§ What is being asked
Copy, from the data below, every line that has "Ribeirão" in it.
══ Stored data ══
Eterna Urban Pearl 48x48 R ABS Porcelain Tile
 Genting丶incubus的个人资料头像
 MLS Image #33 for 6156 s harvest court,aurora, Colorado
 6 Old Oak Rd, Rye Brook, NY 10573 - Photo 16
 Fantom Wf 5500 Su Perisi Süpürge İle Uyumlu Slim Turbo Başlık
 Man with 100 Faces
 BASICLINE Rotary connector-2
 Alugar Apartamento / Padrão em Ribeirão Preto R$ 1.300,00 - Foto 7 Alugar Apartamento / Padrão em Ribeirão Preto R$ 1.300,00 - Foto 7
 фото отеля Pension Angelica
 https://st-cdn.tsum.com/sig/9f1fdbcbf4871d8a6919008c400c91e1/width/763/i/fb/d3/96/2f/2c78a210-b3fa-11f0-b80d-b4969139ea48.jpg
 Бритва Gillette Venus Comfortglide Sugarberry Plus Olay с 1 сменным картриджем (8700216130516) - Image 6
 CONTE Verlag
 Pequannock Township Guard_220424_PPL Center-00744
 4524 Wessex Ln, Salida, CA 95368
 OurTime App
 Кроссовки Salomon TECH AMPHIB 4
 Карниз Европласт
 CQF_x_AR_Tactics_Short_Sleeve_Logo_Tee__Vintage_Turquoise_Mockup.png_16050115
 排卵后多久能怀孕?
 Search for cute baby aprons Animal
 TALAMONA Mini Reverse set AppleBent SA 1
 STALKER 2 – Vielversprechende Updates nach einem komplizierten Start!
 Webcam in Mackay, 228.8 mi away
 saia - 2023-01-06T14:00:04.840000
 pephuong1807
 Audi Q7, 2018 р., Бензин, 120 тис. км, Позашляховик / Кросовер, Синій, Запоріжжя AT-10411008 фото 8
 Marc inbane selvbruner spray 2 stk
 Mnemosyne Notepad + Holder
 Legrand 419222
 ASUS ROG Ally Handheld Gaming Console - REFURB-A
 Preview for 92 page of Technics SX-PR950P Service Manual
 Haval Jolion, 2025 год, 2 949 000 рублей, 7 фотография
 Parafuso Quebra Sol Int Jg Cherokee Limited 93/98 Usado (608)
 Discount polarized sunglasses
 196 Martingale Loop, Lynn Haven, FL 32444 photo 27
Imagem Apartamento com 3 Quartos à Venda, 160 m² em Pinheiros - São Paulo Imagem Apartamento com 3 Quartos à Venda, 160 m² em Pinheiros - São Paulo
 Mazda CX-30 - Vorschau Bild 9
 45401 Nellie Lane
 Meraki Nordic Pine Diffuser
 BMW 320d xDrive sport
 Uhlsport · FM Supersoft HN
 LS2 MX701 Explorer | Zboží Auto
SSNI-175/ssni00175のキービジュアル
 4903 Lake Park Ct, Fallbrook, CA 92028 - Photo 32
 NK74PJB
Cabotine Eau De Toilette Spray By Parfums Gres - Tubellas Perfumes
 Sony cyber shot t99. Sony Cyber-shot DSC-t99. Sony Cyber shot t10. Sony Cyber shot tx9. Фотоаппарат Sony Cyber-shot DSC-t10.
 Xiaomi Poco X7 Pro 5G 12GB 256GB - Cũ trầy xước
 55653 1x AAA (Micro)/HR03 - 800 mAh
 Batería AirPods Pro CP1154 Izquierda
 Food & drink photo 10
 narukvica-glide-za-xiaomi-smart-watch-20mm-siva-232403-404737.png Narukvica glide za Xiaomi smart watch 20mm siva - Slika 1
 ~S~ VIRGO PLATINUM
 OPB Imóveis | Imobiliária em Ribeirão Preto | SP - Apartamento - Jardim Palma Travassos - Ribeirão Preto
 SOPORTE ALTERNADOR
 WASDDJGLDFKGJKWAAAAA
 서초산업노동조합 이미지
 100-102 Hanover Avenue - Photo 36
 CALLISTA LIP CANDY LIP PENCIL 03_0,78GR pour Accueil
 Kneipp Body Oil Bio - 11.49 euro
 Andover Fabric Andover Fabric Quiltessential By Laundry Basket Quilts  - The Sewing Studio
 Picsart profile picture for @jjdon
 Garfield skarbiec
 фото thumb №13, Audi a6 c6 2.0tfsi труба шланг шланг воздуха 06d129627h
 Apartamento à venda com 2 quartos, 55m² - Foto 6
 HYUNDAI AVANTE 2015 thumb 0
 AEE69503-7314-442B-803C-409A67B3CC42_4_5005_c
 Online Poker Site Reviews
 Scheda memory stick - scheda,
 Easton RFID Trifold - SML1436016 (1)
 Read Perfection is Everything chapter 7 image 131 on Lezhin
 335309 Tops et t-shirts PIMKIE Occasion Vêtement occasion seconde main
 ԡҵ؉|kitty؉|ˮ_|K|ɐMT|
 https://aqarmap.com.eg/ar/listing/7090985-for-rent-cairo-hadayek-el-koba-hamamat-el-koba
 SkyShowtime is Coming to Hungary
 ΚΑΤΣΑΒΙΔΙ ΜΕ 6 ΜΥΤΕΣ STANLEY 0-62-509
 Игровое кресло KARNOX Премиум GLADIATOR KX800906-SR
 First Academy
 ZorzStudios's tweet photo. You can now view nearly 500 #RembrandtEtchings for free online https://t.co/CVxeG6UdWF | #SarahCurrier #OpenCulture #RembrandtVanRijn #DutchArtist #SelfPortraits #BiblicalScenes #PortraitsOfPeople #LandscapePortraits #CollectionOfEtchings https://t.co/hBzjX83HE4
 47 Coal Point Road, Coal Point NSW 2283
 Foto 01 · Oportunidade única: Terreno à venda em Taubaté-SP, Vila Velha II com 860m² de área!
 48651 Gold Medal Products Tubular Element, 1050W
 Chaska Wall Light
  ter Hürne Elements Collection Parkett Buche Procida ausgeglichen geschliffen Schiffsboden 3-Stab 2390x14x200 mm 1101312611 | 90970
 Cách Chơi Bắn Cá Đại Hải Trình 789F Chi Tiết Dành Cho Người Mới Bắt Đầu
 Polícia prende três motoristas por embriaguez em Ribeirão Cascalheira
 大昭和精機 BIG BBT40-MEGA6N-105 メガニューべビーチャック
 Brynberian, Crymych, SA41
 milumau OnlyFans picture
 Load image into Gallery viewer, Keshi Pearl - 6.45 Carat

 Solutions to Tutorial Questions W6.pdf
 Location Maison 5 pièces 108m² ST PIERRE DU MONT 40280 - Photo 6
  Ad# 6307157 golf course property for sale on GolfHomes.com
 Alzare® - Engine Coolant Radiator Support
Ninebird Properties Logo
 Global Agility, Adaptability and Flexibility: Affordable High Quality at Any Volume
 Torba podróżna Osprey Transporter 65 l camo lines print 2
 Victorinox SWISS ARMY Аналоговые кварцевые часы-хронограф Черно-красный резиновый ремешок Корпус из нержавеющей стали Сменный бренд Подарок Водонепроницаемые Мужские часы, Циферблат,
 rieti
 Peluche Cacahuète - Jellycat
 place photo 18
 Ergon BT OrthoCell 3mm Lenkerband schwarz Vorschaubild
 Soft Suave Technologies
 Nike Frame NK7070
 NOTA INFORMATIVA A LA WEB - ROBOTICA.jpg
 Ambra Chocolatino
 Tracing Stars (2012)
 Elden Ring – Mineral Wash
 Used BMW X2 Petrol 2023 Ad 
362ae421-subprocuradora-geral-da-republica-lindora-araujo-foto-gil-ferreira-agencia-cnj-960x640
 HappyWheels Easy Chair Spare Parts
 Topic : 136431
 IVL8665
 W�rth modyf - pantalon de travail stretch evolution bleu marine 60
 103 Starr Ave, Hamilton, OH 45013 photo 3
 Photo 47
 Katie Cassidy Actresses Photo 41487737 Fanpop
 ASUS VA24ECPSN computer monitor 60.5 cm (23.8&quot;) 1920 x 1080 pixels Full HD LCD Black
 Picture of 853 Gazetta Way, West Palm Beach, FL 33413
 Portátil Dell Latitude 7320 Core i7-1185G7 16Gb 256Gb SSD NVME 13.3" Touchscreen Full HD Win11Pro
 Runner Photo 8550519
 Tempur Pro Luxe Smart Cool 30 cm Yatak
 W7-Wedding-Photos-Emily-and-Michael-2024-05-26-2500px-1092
═══
§ Output for this task
 Alugar Apartamento / Padrão em Ribeirão Preto R$ 1.300,00 - Foto 7 Alugar Apartamento / Padrão em Ribeirão Preto R$ 1.300,00 - Foto 7
 OPB Imóveis | Imobiliária em Ribeirão Preto | SP - Apartamento - Jardim Palma Travassos - Ribeirão Preto
 Polícia prende três motoristas por embriaguez em Ribeirão Cascalheira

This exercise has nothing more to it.